Court of Appeals of Virginia

Spratley v. Commonwealth (P), CAV (O’Brien) from Loudoun (Fleming).

In an issue of first impression, the court confirmed that the Commonwealth could prove felony destruction of property with evidence of the cost of replacing the property. The defendant had knocked over a grocery-store scale during an argument with a companion. After discovering that the scale couldn’t be repaired and was no longer on the market, the store bought a new scale and produced testimony that the two models were “virtually identical.”

Unlike the larceny statutes, Code § 18.2-137 specifically provides for “proof of the … fair market replacement value.” “Replacement” contemplates the cost of obtaining a substitute item to take the place of the original, destroyed item.

Conviction affirmed.

Parham v. Parham (U), CAV (Chafin) from Henrico (Yoffy).

An ex-husband was “voluntarily underemployed” after he was terminated for cause from a position in which he earned more than $340,000 per year, then took the same position with another employer for only $162,000 per year. The circuit court’s decision to impute income on the basis of voluntary underemployment was discretionary and not in error. A total monthly support amount of approximately $10,600 was affirmed.

Weathersby v. Commonwealth (U), CAV (Annunziata) from Hampton (Hutton).

Even though a police officer had a reasonable basis to frisk a man apprehended for shoplifting, he lacked probable cause to remove a glass tube from the appellant’s pocket. Testimony didn’t suggest that it was “immediately apparent” that the glass tube was a weapon or contraband. Evidence relating to the glass tube should have been suppressed.

Conviction for cocaine possession reversed.

U.S. District Court – Eastern District

United States v. Gibson, EDVA at Norfolk (Davis).

In advance of the defendant’s trial for several fraud offenses, the court declined to categorically exclude evidence that the victims were elderly and that the funds came from their retirement savings. However, the court granted the defendant’s motion to exclude evidence that the fraud exhausted the victims’ resources more generally in collateral, rather than actual, losses.

Steves & Sons v.

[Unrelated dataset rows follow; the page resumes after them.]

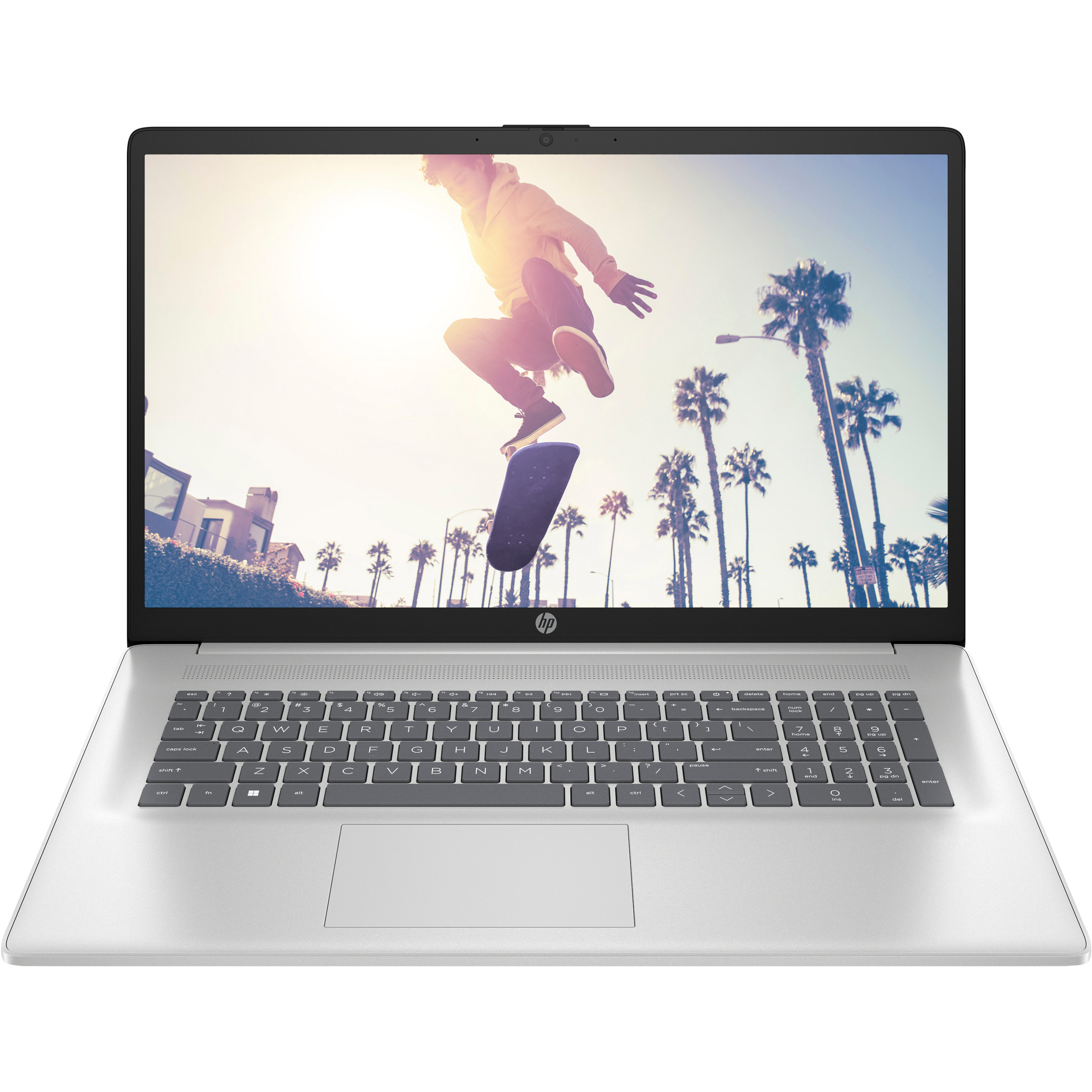 Laptop HP 17-cp3178ng (17.3" FHD, Ryzen 7 7730U, 16GB RAM, 512GB SSD, FreeDOS, srebrna boja) – internacionalna non HR tipkovnica-0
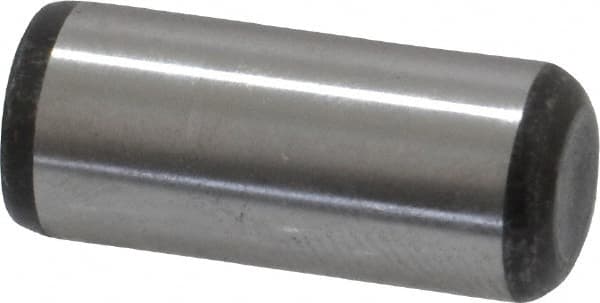 Made in USA - 3/8" Diam x 7/8" Pin Length Grade 8 Alloy Steel Standard Dowel Pin - Bright Finish, C 47-58 & C 60 (Surface) Hardness, 16,550 Lb (Single Shear), 33,100 Lb (Double Shear) Breaking Strength, 1 Beveled & 1 Rounded End - Exact Tooling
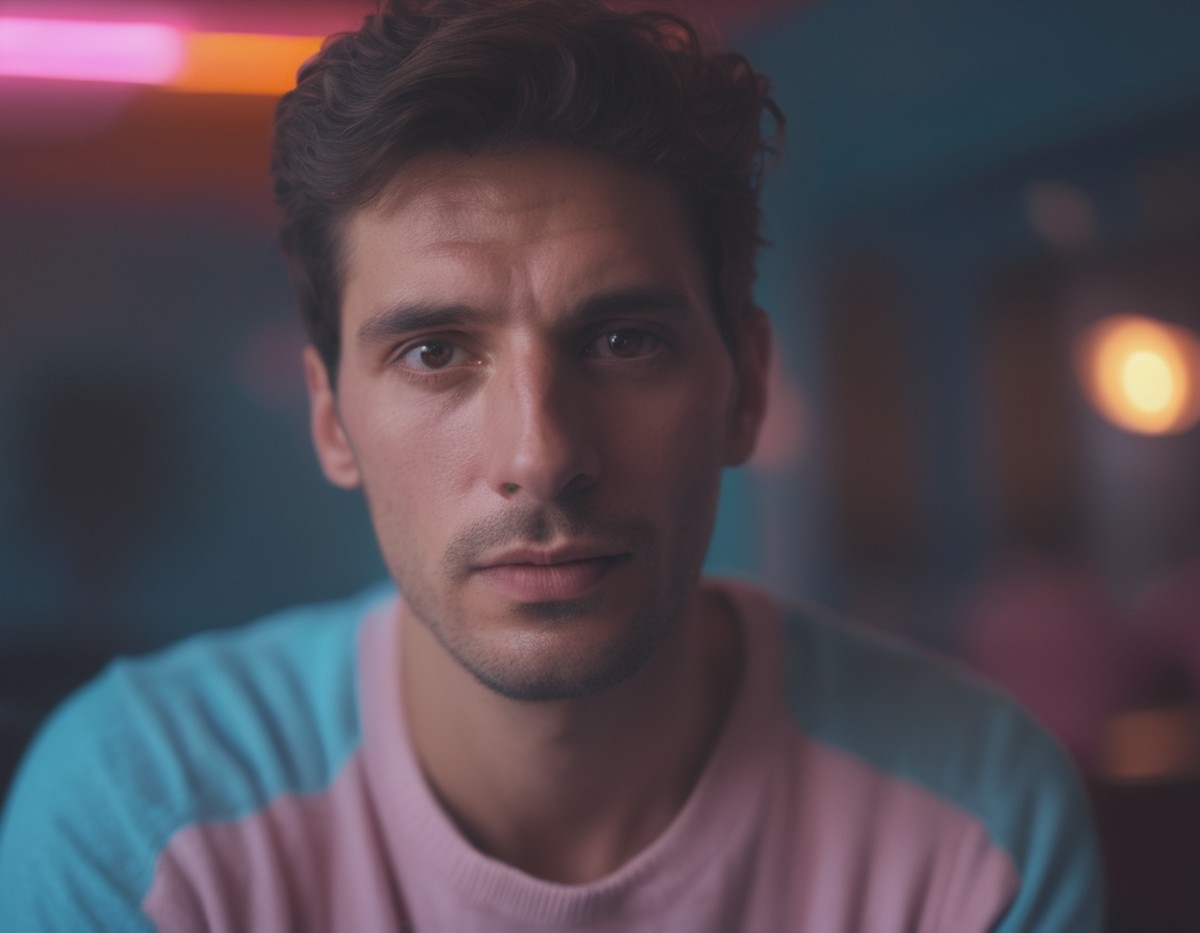 dramatic pale pink light, light blue light, close up portrait of argentinian man, cinematic film still of pink blue orange...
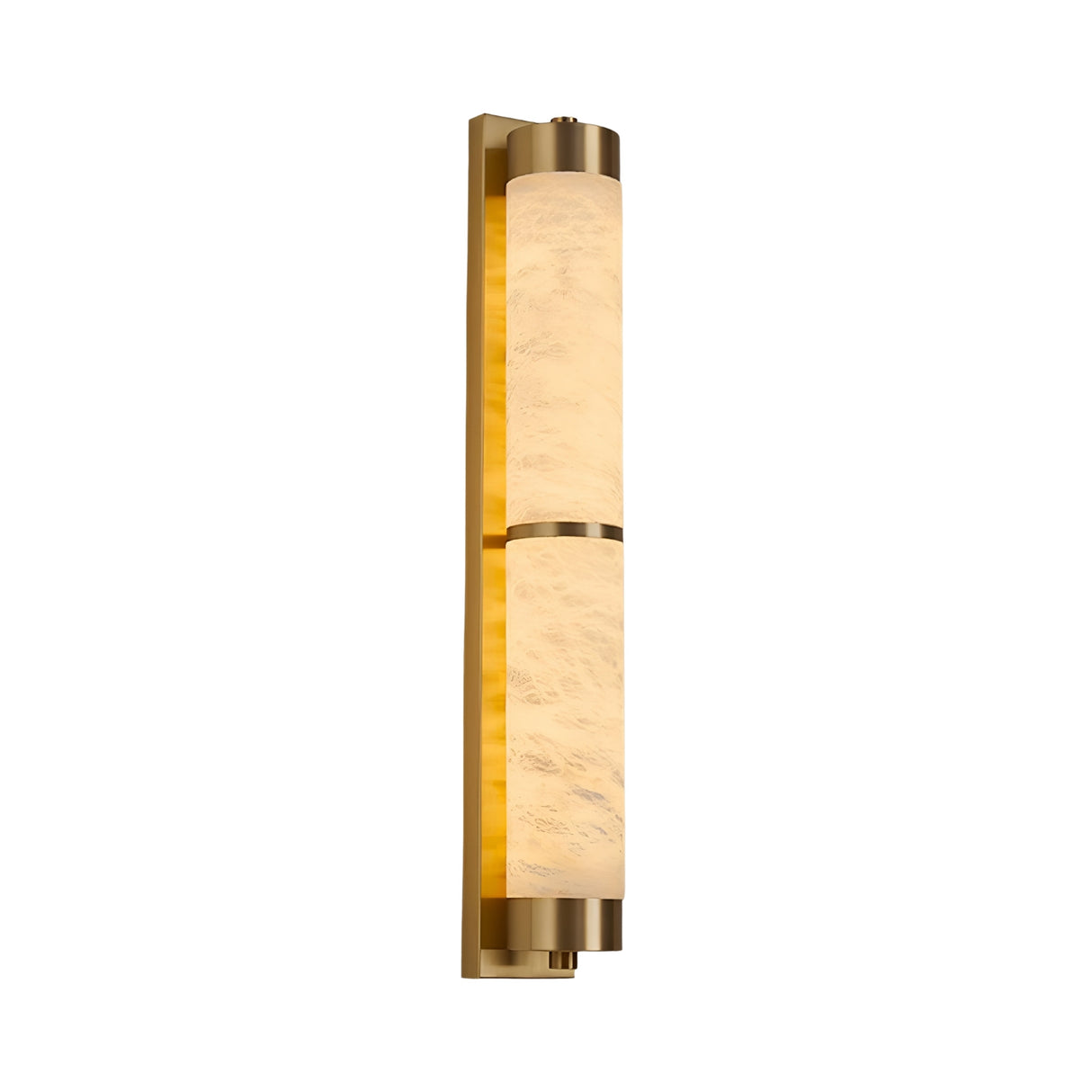 The Arelis LED Linear Alabaster Wall Light features a vertical brushed brass frame and two alabaster shades, delivering a warm, soft white glow in a modern design.
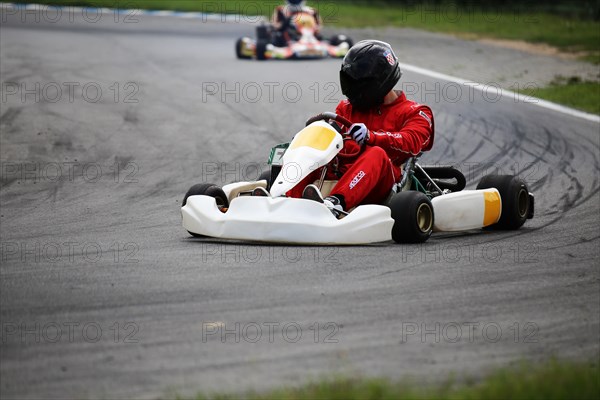 Kart driver on the Walldorf kart track, Baden-Wuerttemberg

Jeld-Wen, EDVA at Richmond (Payne).

As equitable relief, the court ordered the defendant to divest itself of an entity it had acquired as part of a Clayton Act violation. A special master will be appointed to ensure that the defendant receives a fair price and that divestiture produces a competitive entity.

U.S. District Court – Western District

Riley v. Barringer, WDVA at Abingdon (Jones).

In a company’s ERISA suit against a former employee and retirement fiduciary accused of embezzling from the plaintiff company, the court denied the plaintiffs’ motion to dismiss the employee’s counterclaim for breach of implied contract and unjust enrichment.

The employee allegedly transferred her own funds to the company at the president’s request, which was a valuable service that conferred a benefit. The company accepted the funds and didn’t repay her. In light of their employment relationship, rather than a friendly or familial relationship, and the size of the sum of money, the facts alleged are sufficient to infer that the company was on notice that she expected to be repaid.

The court dismissed several other counterclaims.